Frontiers in Neurology, 2024 · DOI: 10.3389/fneur.2024.1454061 · Published: September 13, 2024
This study explores spinal ependymoma (SP-EP), a common spinal cord tumor. Early diagnosis and treatment improve patient outcomes. The research identifies key genes characteristic of SP-EP by analyzing RNA sequencing data and clinical information. A survival-related nomogram is developed to predict patient survival rates. The researchers used data from the Gene Expression Integrated Database (GEO) to find genes that are expressed differently in SP-EP samples compared to normal samples.

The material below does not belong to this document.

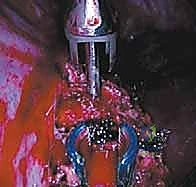 صورة طبية: الدمج الفقري الأمامي مع التثبيت الجراحي للجنف: دليل شامل للمرضى مع الأستاذ الدكتور محمد هطيف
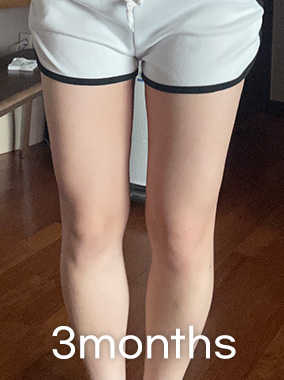Thigh Liposuction b&a photo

Machine learning and the CIBERSORT algorithm helped to identify immune characteristic genes specific to SP-EP patients. This enhances the understanding of target genes. The study used data from the Surveillance, Epidemiology, and End Results (SEER) Database, screening for factors that significantly affect patient outcomes. The developed nomogram visualizes predicted overall survival rates at 3, 5, and 8 years post-diagnosis. The model's reliability was assessed using metrics like the consistency index and ROC curves.
The nomogram allows clinicians to assess treatment risks and benefits accurately, leading to more personalized treatment plans.
The prognostic prediction model enables better estimation of survival rates, aiding in patient counseling and management.
Identifying CELF4 as a key gene suggests new avenues for targeted therapies and further research into the pathogenesis of SP-EP.